I'm trying to produce an automated framework for choosing hypothesis tests and carrying them out. I really am new to statistics so sorry if I'm asking really obvious questions, but I've tried for so long to find an answer and aren't getting anywhere. This also isn't homework help so sorry if it's in the wrong sub forum, but it is a request for help and I'm not exactly an expert yet.

So the problem is that, as we know, in hypothesis testing some tests assume a normal distribution so you should only use them if your data is normally distributed. Generally non parametric tests don't require a normal distribution whereas parametric do. Suppose you have more than 2 groups of continuous data which are not paired. If it's between ANOVA and Kruskal Wallis you should use Kruskal Wallis unless you know that your data is normally distributed.

My problem is, how can you ever know that your data is normally distributed?
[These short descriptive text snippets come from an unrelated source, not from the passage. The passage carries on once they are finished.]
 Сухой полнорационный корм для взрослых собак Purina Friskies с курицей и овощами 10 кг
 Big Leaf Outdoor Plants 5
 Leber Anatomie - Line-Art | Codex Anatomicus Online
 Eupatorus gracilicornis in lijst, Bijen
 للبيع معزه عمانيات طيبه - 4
I've spent ages looking up tests for normality and there's plenty about - Shapiro-Wilk, Shapiro-Francia, Lilliefors etc. But the problem is that they all have a normal distribution as their null hypothesis. This means, as I understand it, that if you get a P value from them lower than you want (e.g. 0.05) then you have provided a fair degree of certainty that your data is not normal but if the P value is higher then you haven't proved anything, your data still may or may not be normal. I wanted to know whether you could test against the null hypothesis that your data isn't normal, and so I googled for this but didn't get anywhere. A Stack Overflow thread told me that such a test doesn't even make mathematical sense.
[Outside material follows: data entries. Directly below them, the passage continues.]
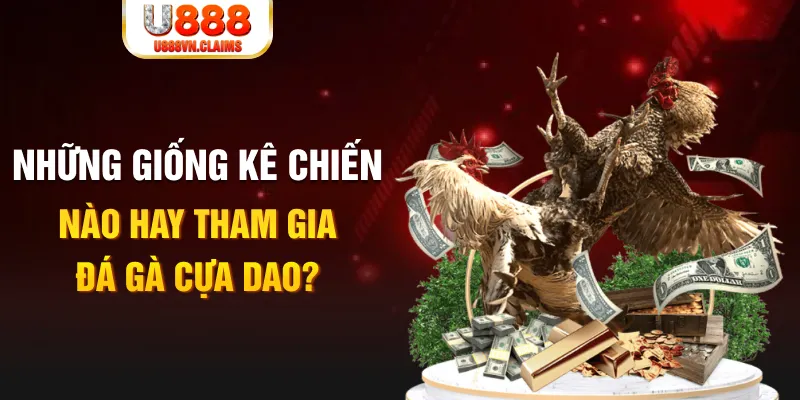 ok vip BG Trực Tuyến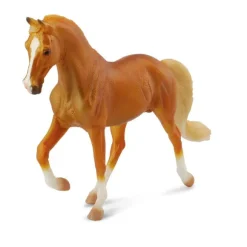Tennessee Walking Horse Stallion Golden Palomino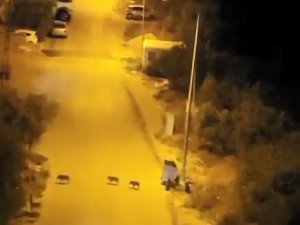 Bursa’da Aç Kalan Domuz Sürüsü Şehir Merkezine İndi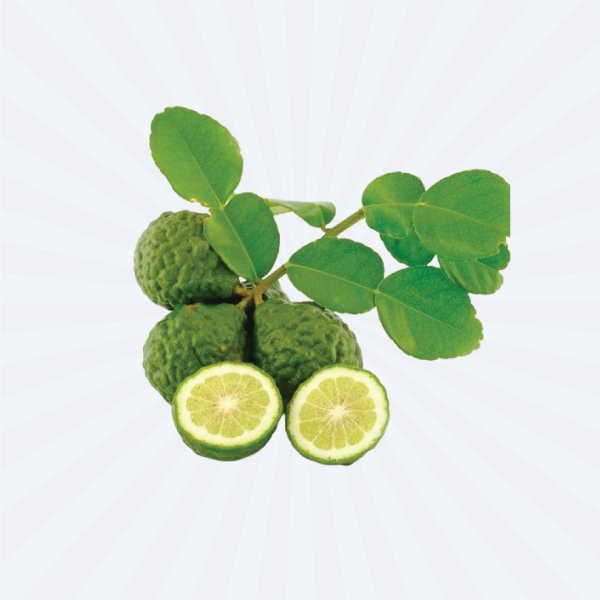 Kaffir Lime Leaf  20gm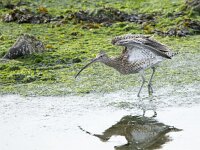 Numenius arquata 102, Wulp, adult, Saxifraga-Theo Verstrael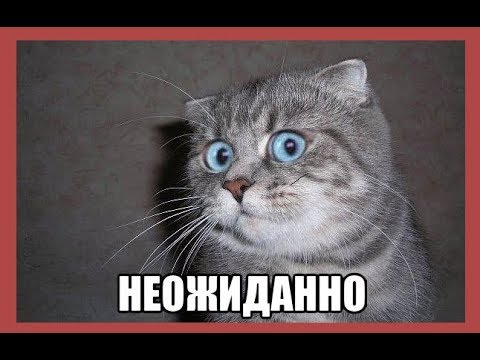 Враг сорвал разведение сил на участке Богдановка-Петровское, - штаб ОС - Цензор.НЕТ 7226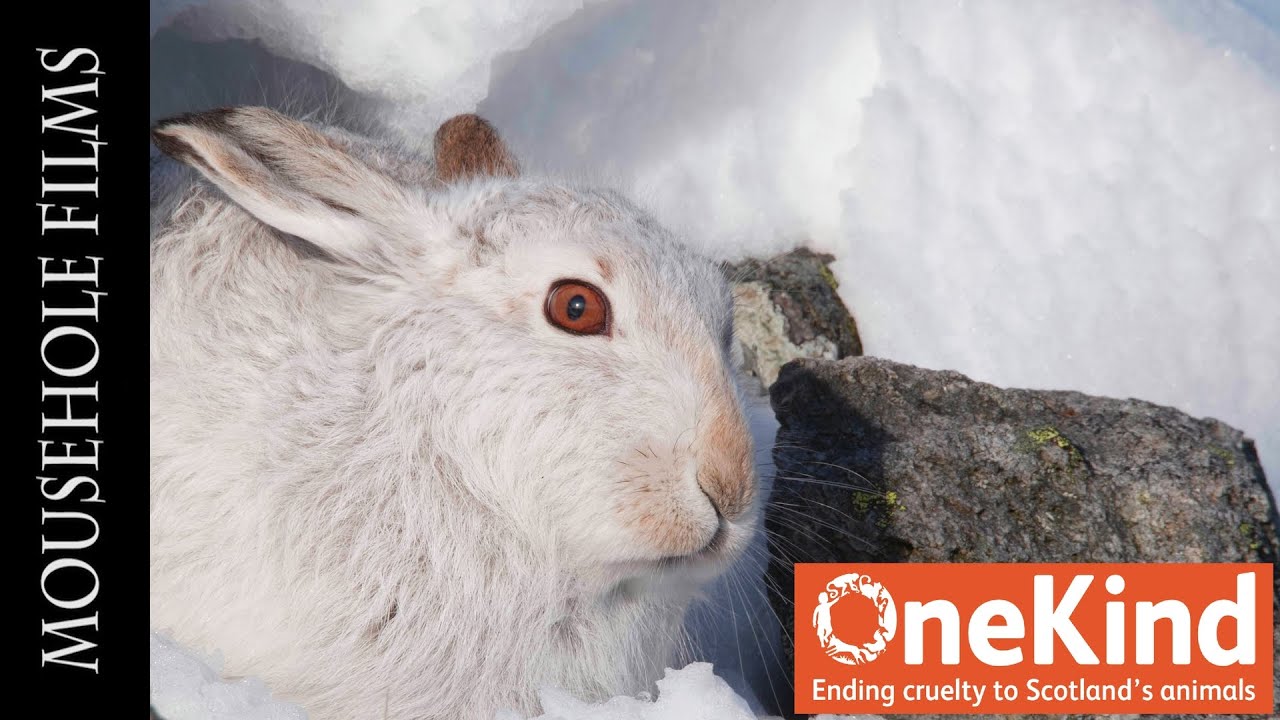 Mountain Hare | OneKind | Lockdown Diaries Episode 3 | Bob Elliot Interview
http://stackoverflow.com/questions/...ribution-not-test-for-non-normal-distribution.

It looks to me as though you can never prove with any quantifiable certainty that your data is normally distributed, only that it isn't.

What I don't understand is that this would surely mean that KW would have to always be used in favour of ANOVA. In fact, given that the same thing seems to apply for heteroscedasticity tests it looks like its a general rule that you have no choice but to always use the test that makes the least assumptions, e.g. always use something like the Brunner Dette Munk test which doesn't even assume homoscedasticity. But people must somehow be finding justification for using tests like ANOVA, especially as I keep on seeing advice to use tests like ANOVA if I do know my data is normally distributed as parametric can give you more power. Are people simply choosing ANOVA through looking at their data by eye to see if it looks normal? Or maybe using Bayesian, rather than frequentist methods - but if you do that you still have to somehow choose a threshold below which you'll use the test which doesn't assume normality and I don't know how to choose that threshold? Am I missing something here?

Thanks a lot,

Geoff